* **Assignment**:
Return each line of the listing below, unchanged, and omit the images.

* **Source material**:
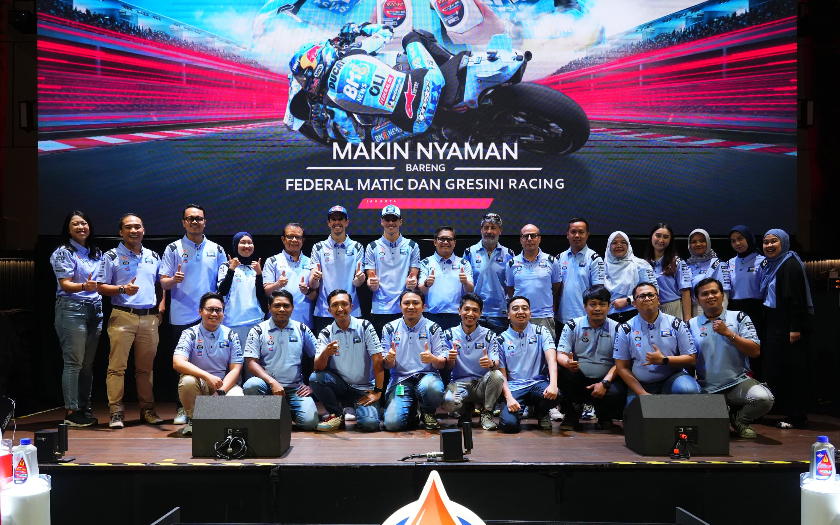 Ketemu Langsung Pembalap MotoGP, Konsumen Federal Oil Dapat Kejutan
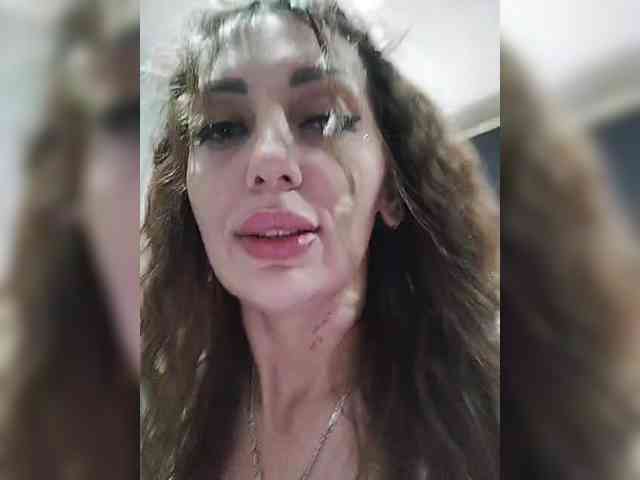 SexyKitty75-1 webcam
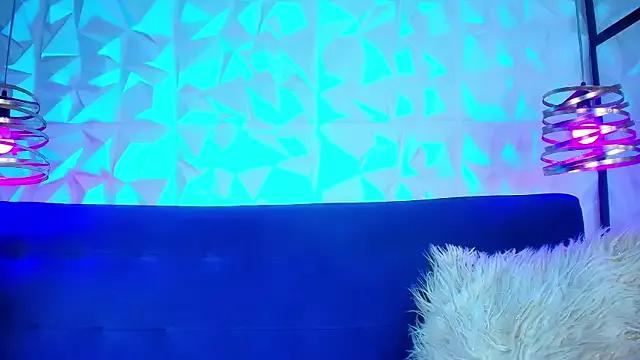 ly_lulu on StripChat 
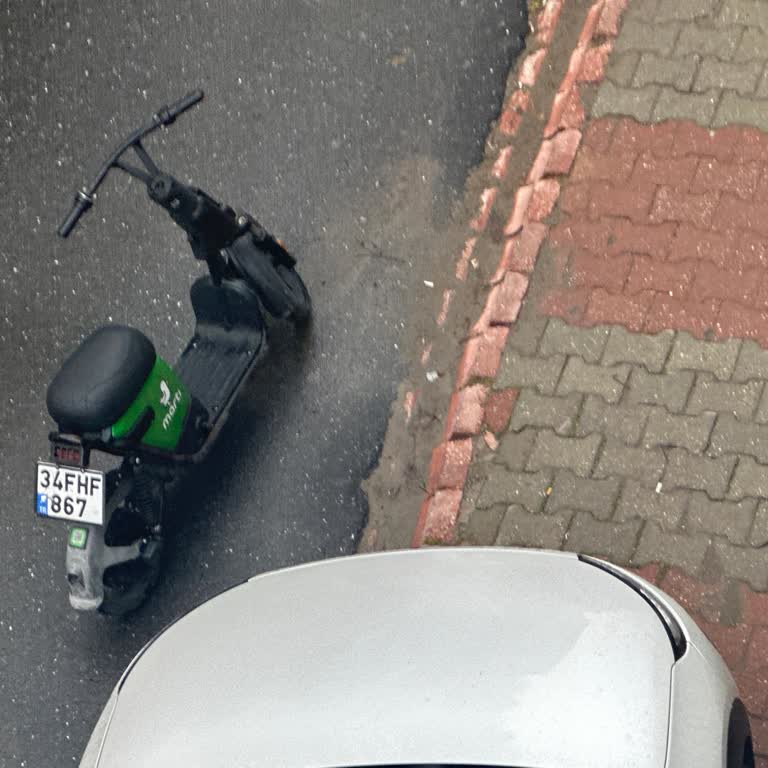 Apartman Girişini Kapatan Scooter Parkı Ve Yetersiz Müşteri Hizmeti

* **Finished task**:
 Ketemu Langsung Pembalap MotoGP, Konsumen Federal Oil Dapat Kejutan
 SexyKitty75-1 webcam
 ly_lulu on StripChat 
 Apartman Girişini Kapatan Scooter Parkı Ve Yetersiz Müşteri Hizmeti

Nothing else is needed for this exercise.